En el Occidente, los territorios de la Costa y las Tierras Calientes consisten principalmente en vastas cordilleras de cerros de roca muy quebrados, lo que hace que sean apenas transitables los caminos, senderos en realidad; una gran proporción de las Tierras Frías, por el contrario, son inmensas llanuras bordeadas de cerros por todos lados. Muchos de los llanos muestran indicios de haber sido anteriormente el lecho de extensos lagos, llenos ahora por la continua sedimentación de la tierra que arrastran las lluvias de las montañas de alrededor. He visto algunos de estos lagos o llanuras casi completamente llenos que se secan una vez terminada la temporada de las lluvias, dejando sus lechos sin nada de agua en veinte o treinta millas. Los principales lagos que actualmente existen son los de Chapala, México y Pátzcuaro o Zinzunzan; el primero es tan extenso que sólo es inferior en tamaño al mayor de los lagos canadienses.

En una isla de este lago, los independentistas tuvieron hace unos años un fuerte inexpugnable que durante mucho tiempo sitiaron los realistas. Lo defendían sobre todo los indígenas, que frustraron todos los intentos de los sitiadores, quienes para bloquear el lugar construyeron y llevaron al lago barcazas armadas en San Blas con un coste muy grande. Si no hubiera sido por la traición del comandante general de la provincia, es probable que no lo hubieran tomado, pero aquél se trasladó con sus tropas a donde estaba el enemigo y propició que el fuerte se entregara.

Las llanuras de las Tierras Frías consisten por lo general en suelos fértiles y en la temporada de lluvias producen grandes cantidades de maíz, frijoles, cebada, etc. El cultivo de trigo está limitado principalmente a los dueños de grandes haciendas4 que pueden costear la construcción de presas5 para el riego, sin el cual no se podría producir ese grano en las altiplanicies mexicanas. La razón es que el trigo se debe sembrar a finales de octubre, cuando ha comenzado la temporada seca y no fructifica a menos que la tierra esté húmeda, lo que sólo se puede lograr gracias a las presas, ya que las llanuras de las Tierras Frías, debido a su gran altura, carecen en su mayoría de ríos y arroyos. He visto producir trigo en las sierras secas, refrescadas por la atmósfera húmeda de estas elevadas regiones, pero es de calidad inferior.

No obstante que las llanuras de las Tierras Frías tienen pocos riachuelos, no es de ninguna manera el caso en las sierras de las Tierras Calientes, ya que éstas, y podría añadir también la Costa, están regadas en abundancia por magníficos ríos y riachuelos que en su mayor parte se inician en las altas montañas que limitan las vastas llanuras de las Tierras Frías, de las que se podría decir que son sus cumbres. Los ríos no son muy largos debido a su pronunciado declive y a la brevedad de su recorrido, pero lo son suficiente para que se establezca en sus márgenes cierta cantidad de huertas y plantaciones azucareras. Estos riachuelos raramente dejan de correr; por el contrario, los pocos que se pueden encontrar en las Tierras Frías en ocasiones se mantienen durante tres meses más que las lluvias.

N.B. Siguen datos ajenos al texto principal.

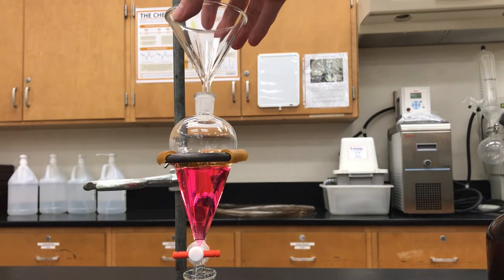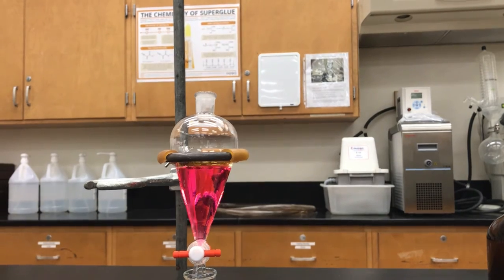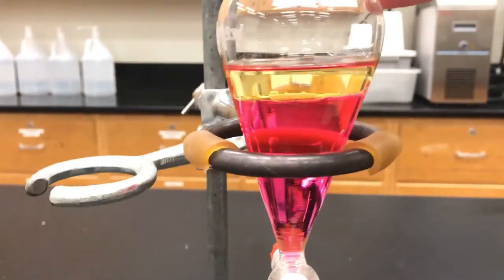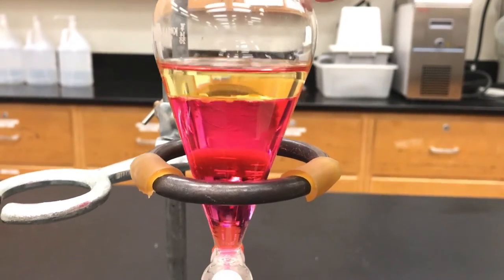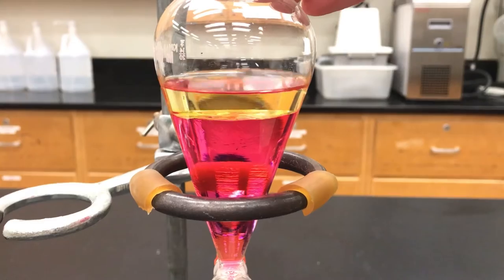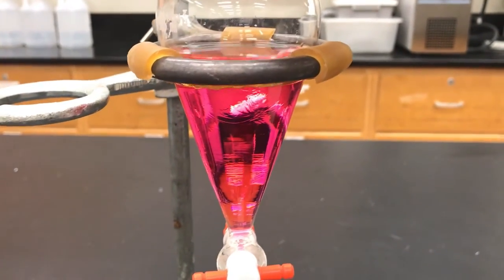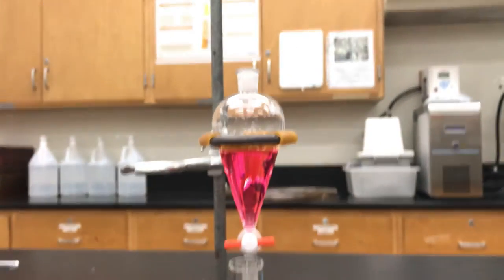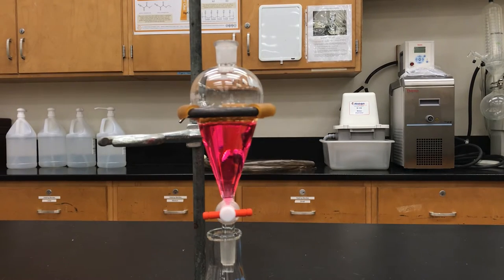I can remove the funnel and notice that not very much liquid got on the frosted joint. Zooming in you can now see that there are two layers in the separatory funnel — the bottom is aqueous, the top is organic, and we're already starting to get some color in the organic layer. The ethyl acetate originally was clear, but the methyl red is already being pulled into the top layer, and it looks different in an organic solvent compared to the aqueous solution.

Entre los mexicanos generalmente se acepta la división del año en dos partes, a saber, la temporada de lluvias y la temporada seca; la primera, por lo regular, comienza en mayo; desde entonces llueve con escasas interrupciones hasta mediados de octubre, cuando comienza la segunda, y, a menos que caigan chubascos aislados en el mes de enero, a partir de esta época ya no caen más lluvias hasta la temporada siguiente. La primavera mexicana propiamente dicha comienza en junio, y los meses de marzo, abril y mayo son demasiado calientes y por lo tanto la vegetación no crece mucho debido a la sequedad de la tierra.

Poco tiempo después de que lleguen las lluvias, gran parte de los cerros del país, como también las llanuras, se cubren de exuberante vegetación, lo que proporciona el pasto para las innumerables manadas de caballos, vacas y ovejas que corren por esos lugares. Cuando cesan las lluvias, la hierba se seca y permanece en el suelo sin pudrirse, por lo que no es necesario poner a secar heno para las provisiones de invierno, y como los caballos y ganado de las grandes haciendas6 corren por ahí sin ningún control, se vuelven casi salvajes.

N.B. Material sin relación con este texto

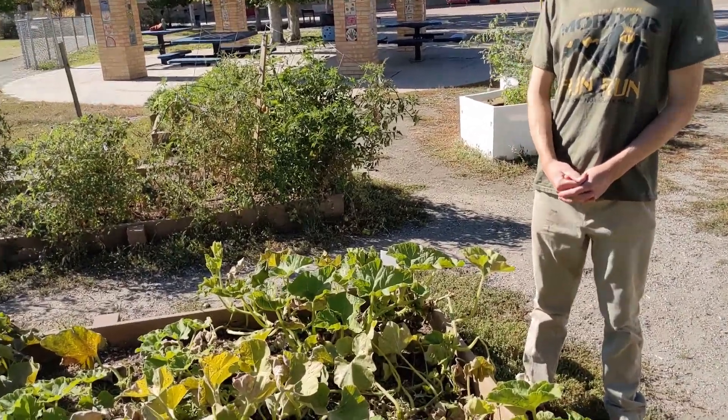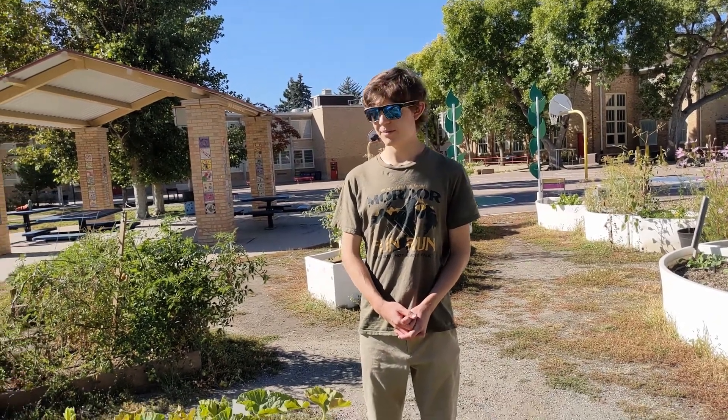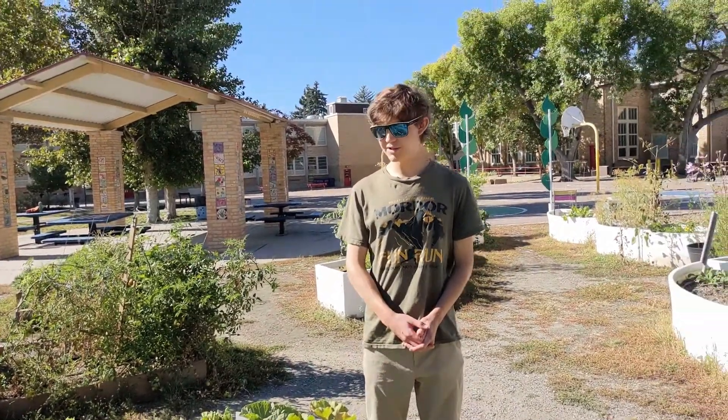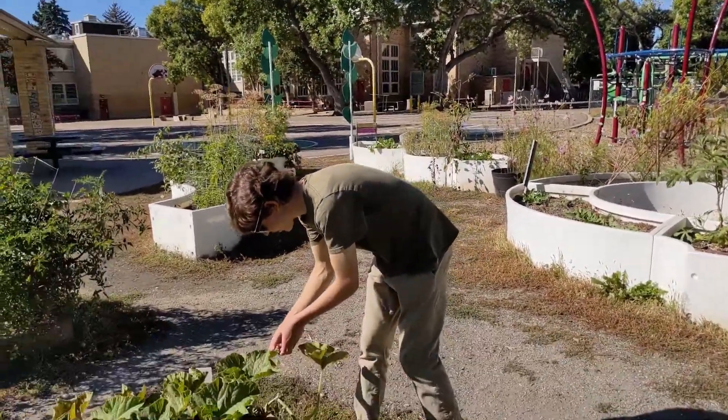I looked it up beforehand and winter squash leaves are edible and they're good for you — they have fiber and they're relatively common in cooking in Southeast Asia. I saw a recipe for winter squash leaves and salted coconut milk, which sounds really weird and bad, but anyway I don't have any salted coconut milk.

Es difícil imaginar que un país montañoso carezca de metales y minerales, y en efecto, según parece, no pueden encontrarse en mayor abundancia y diversidad que en México. Desde muy antiguo, las minas mexicanas han adquirido notoriedad sobre las de los demás países por su riqueza en metales preciosos como oro y plata, aunque son abundantes en otros metales más útiles como cobre, hierro, estaño y plomo, pero también se puede encontrar azogue en considerable cantidad. La corona española sólo permite la explotación de las minas de oro y plata, de las que obtiene ingresos muy superiores a los del resto de países.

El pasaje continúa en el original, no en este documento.